20 июля «должно было по недостатку харчевых припасов отправиться на речку Чону». Однако Стапан Попов считает необходимым внимательно обследовать горы «Полковник-Хаята» и Эрбеек-Хольболох» и собрать «вываливающиеся с этих гор зеленые и черные самогранные каменья». На горе Эрьбеек-Хольболох он находит «самогранки желто-серого цвету прозрачнее и лутше противу прежних под утесом». Здесь имеется в виду коренной выход ахтарандитов на берегу Вилюя в четырех километрах ниже устья Ахтаранды, на котором приискатели побывали, по-видимому, накануне 21 числа, «желая еще раз смотреть редкостей других с одним тунгусом и с одним казаком отправился к спуску с горы Эрбеек-Хольболох и там, пробыв целые сутки без пищи... порыв в земле не более как на одну четверть, нашли среди лесу плиту, в которой есть прозрачные самого тонкого фиалетового цвету каменья... Там же найдена плита, с одного конца произрастившиеся как будто зубчиками прозрачных белых каменьев... Плита залегает среди цветной земли клубочками, из коих разные краски можно разводить и употреблять вместо красителей».

Упорство и самоотверженный труд изыскателей драгоценных камней не увенчались должным успехом.
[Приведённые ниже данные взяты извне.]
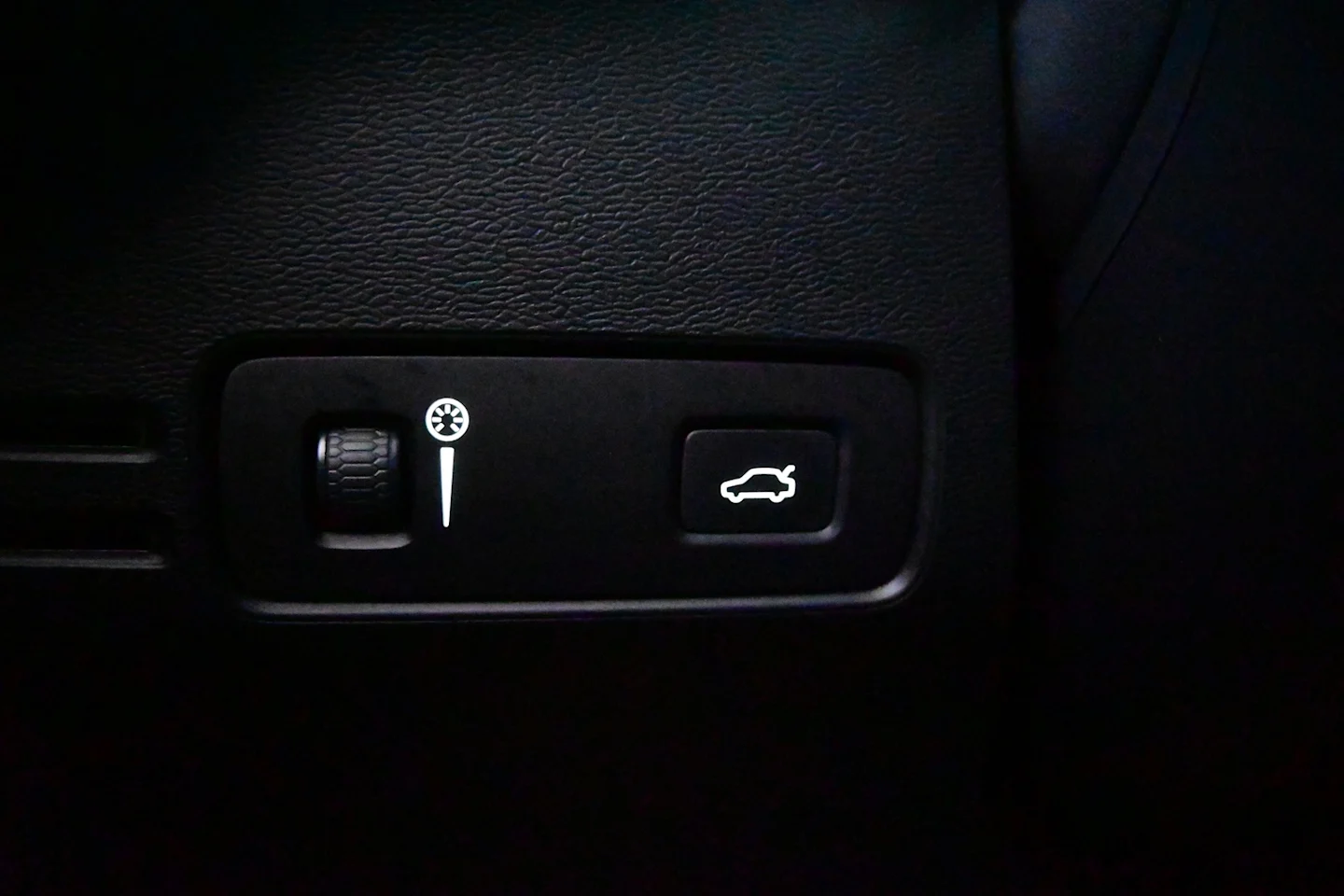 Car Image - 32QDzrarLenbHQuvJW6oJ0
Найденные ими «шерла самогранные зеленые, во свидетельство гранильщику Корякину представленные... были им не уважены». Степан Попов очень этим расстроен, что и чувствуется в дальнейшем тексте дневника. Он оправдывается в том, что изыскания, им проведенные, недостаточны, и высказывает предположение, что здесь «во внутренностях земли быть многому дошедшего аматисту и другим каким-нибудь редкостям». Любопытно, что он упоминает и о «гранатках темновато-малиновых маленьких», которые встречались среди тех же ахтарандитовых скарнов, где «произрастают шерла самогранные», то есть гроссуляры и андрадиты. Не исключена вероятность, что это были пиропы, но скорее всего альмандины.

22 июля, «переправившись через Вилюй в берестяных и деревянных ветках (они уже успели их изготовить! — Д.С.) ...имели проезд пустыми без дорог и неизвестными тундряными и болотными местами и непроходимыми лесами... и через 50 и 60 верст... вышли на речку Чону к жительствующим там двум семействам якутов: рыжему Тяниину и Федору Тыктыянову». Не совсем ясно, к какому месту в долине Чоны вышел отряд: то ли к устью ее, то ли в ста километрах выше — к тому месту, где позднее возник ныне затопленный поселок Туой-Хая. Автор дневника не жалеет красок, описывая богатства реки и долины Чоны: «Рыба в оной: стерляди, щуки, таймени, налимы, ленки, сиги и окуни... Довольное количество есть озер и покосов, вкруг них расположенных... рыба озерная весьма изобильна, бывают там караси длиной в две четверти с половиною... плодится в оных разная птица: гуси, лебеди и всякого рода утки, от чего якуты имеют малое количество скота», хотя кормовые возможности долины реки Чоны позволяют держать его во много раз больше. «Однако можно многим якутам и с небольшим количеством скотоводства жить...»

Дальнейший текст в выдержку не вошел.